The willows are infamous, and Gerry Roach has a hilarious take on them in his classic 14ers book. Apparently, there's a significant improvement with boardwalks through some of the boggier areas. In the winter, the reality is deep snow and postholing. However, on this day, with more recent traffic than snow, the trail was in prime condition. Stepping off to the side would lead to waist-deep snow, but postholing was otherwise avoidable. The willows weren't a problem at all.

After this flat section, we began more actual climbing, as the trail proper switchbacked upward. The wind was picking up more now, from the southwest, blowing small pellets of snow and stinging my eyes. I had planned on sunglasses combined with balaclava and facemask to be sufficient, but had no excuses for not having brought goggles instead.
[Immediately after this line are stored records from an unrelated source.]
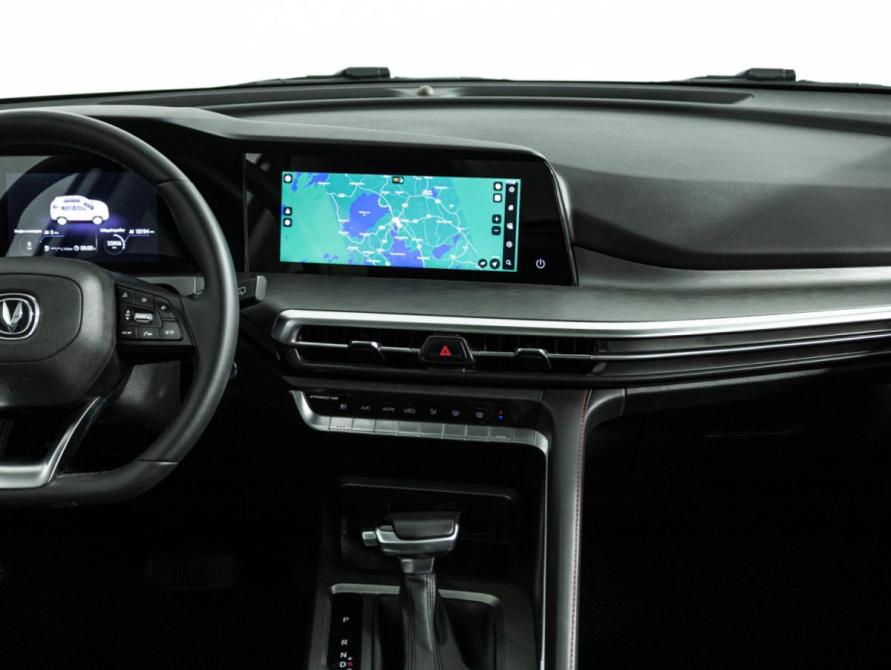 Changan CS35 Plus I Рестайлинг Санкт-Петербург  - изображение 14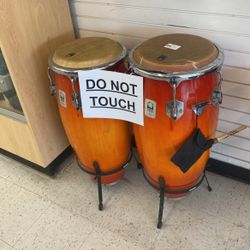 Toca Drum Set 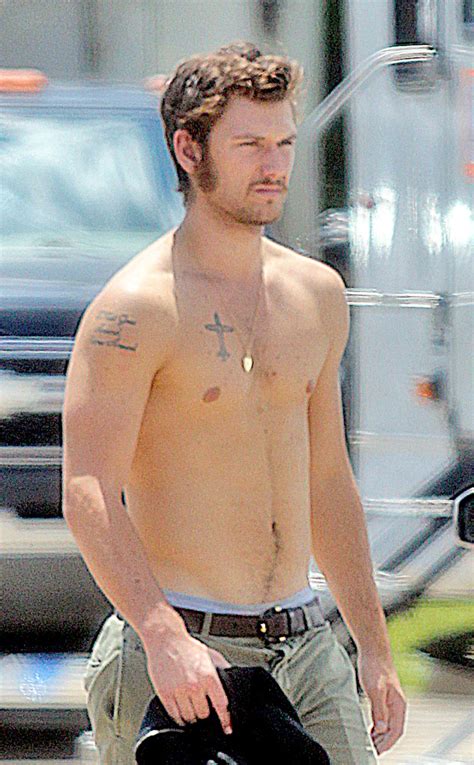 Alex Pettyfer Playing Gay Action Hero Says Lee Daniels E Online Ca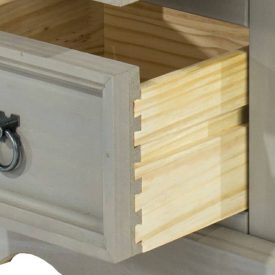 CRG_detail-4 Corona Grey Washed drawer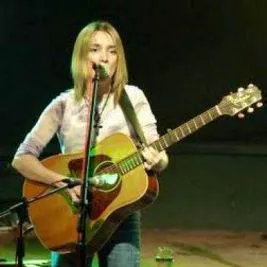 Patsy Matheson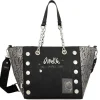 Borsa due manici Anekke Crust 39891-268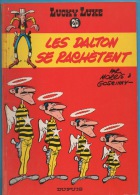 - Lucky Luke - Morris  & Goscinny- Les Dalton Se Rachètent - Lucky Luke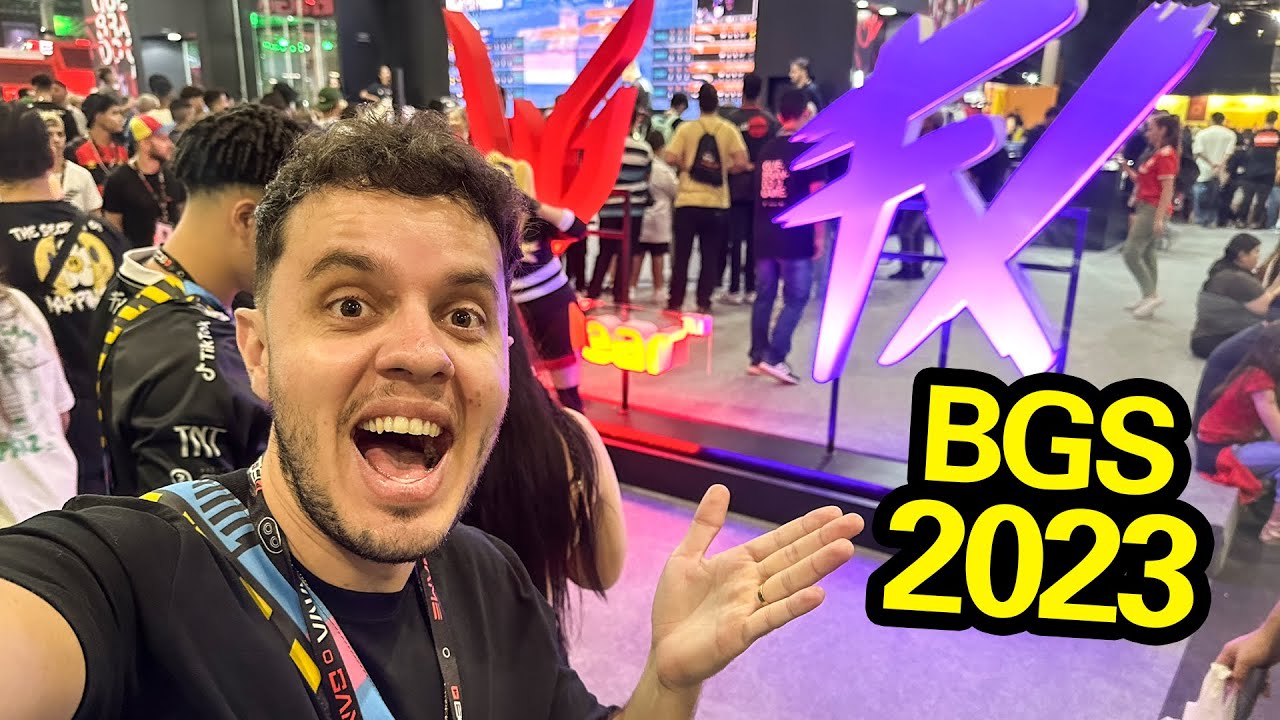 ROLE NA BGS 2023 😁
Visibility was now getting poor, and I used the occasional posts to spot the trail, but soon enough the trail itself wasn't clear. I've read about mistakes of returning too deep into the drainage, so I occasionally turned around and made out the view as best I could of the descent, knowing that my footsteps would be obscured by the wind. I saw another hiker up above, greeted him briefly, and headed on -- shortly after that, I never saw him again, so I questioned my choice of route.

After climbing for a bit, I saw a party of 2 up ahead. I couldn't tell which direction they were headed, but I headed towards them, and a large cairn behind them, suggesting I was still at least near the route. They were now descending, and I asked how it was up there. "We just went up to the cairn," they said, "and decided to turn around, since we can't see anything." I agreed that it wasn't a bad idea, but kept on, and they told me to be careful.
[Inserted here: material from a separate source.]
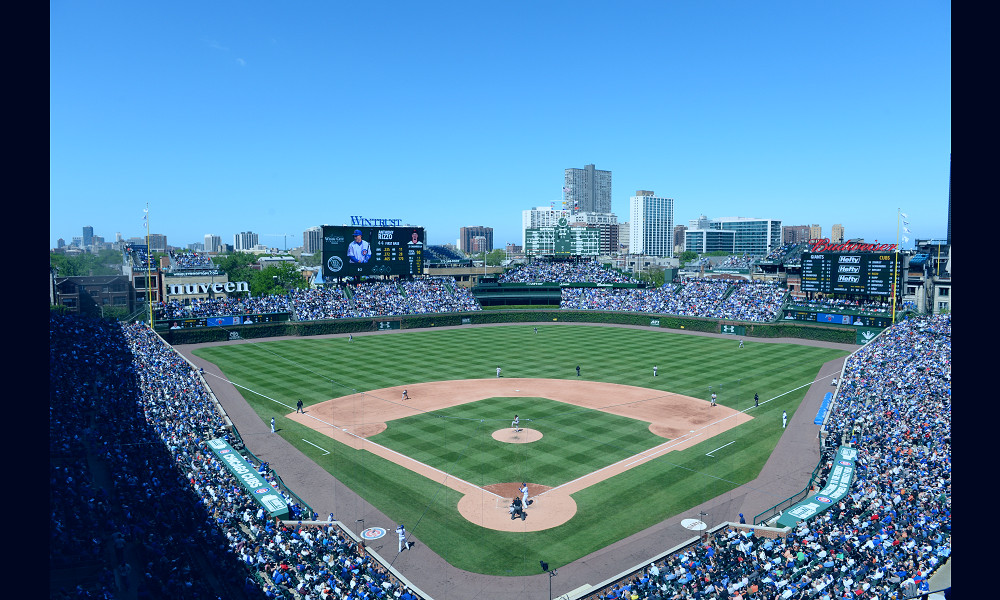 Wrigley Field Tours: Seeing Cubs History Up Close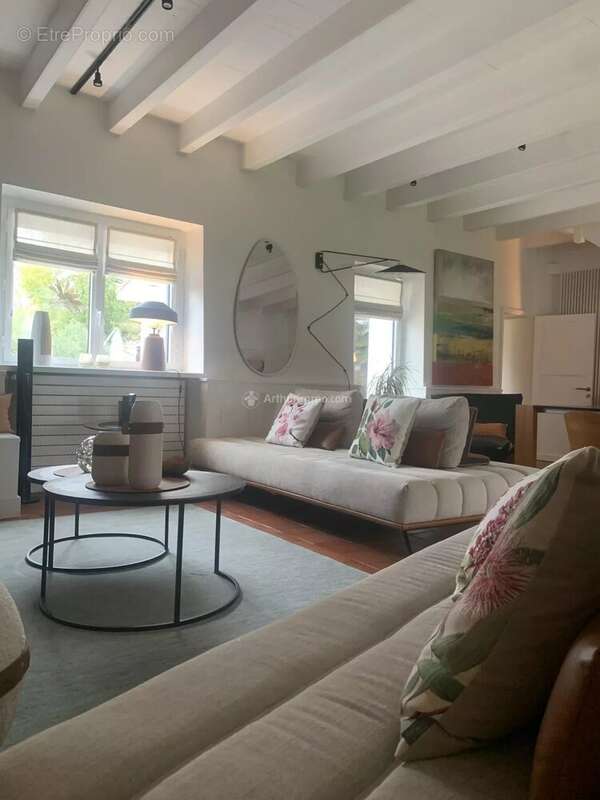 Maison à SAINT-JEAN-DE-MONTS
That made me feel a bit more lonely. The summit itself was nowhere near to be seen, but hey, It's just Bierstadt. I still didn't need my microspikes, but slipped a bit on the snow. On one spot, I feel face first and landed squarely on my water bottle, which jammed against my ribs. I decided to stop at the next large rock, add a later of clothes, and put on the spikes.
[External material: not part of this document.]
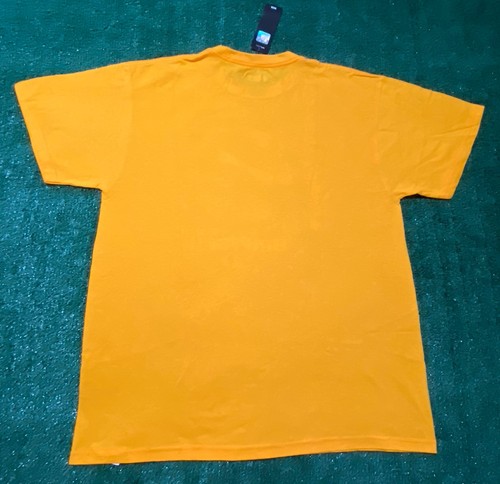 T-shirt uomo adulto New Washington Redskins L Large Griffin 111 calcio NFL - Foto 5 di 8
The wind was not excessive or gusty -- maybe 20mph sustained -- but consistent and cold enough that 20 seconds of skin exposure would mean another couple of minutes of jamming my hands into my armpits or crotch to warm them up again, just so I could fumble with things like zippers. I eventually got everything in order and headed up into the great white unknown.

Finally, I the terrain was noticeable larger talus, and I recognized the final ridge, with a large windbreak and several large cairns. There's a short section of class 2 here, but it was a bit more fun and motivating to be near the top, while peering over the cornices and dropoffs to the right.

Soon enough, I was on an empty summit:

The views toward the Sawtooth weren't ideal, but in a way looked even more forbidding in the snow:

After warming up my hands from taking pictures, I began heading down, and noticed the views to the west were actually opening up:

I've already seen, and evangelized, the fact that the views in that direction are better from Square Top Mountain, and now I can say with certainty that Square Top is also hands-down a more enjoyable and scenic hike than the Bierstadt standard trail.

But, I've softened a bit on Bierstadt as a whole. The Sawtooth certainly looks like a fun route, and the views in that direction from the summit are an enjoyable treat. Bierstadt can be a fun, light winter-mountaineering trip in the winter, as well as sunrise/sunset/full moon hikes. Or, just chilling out and being leisurely or goofy in the summer, I imagine. It's still a nice area, so I could see coming back for Wilcox/Argentine, Grey Wolf/Spaulding, and other such loops.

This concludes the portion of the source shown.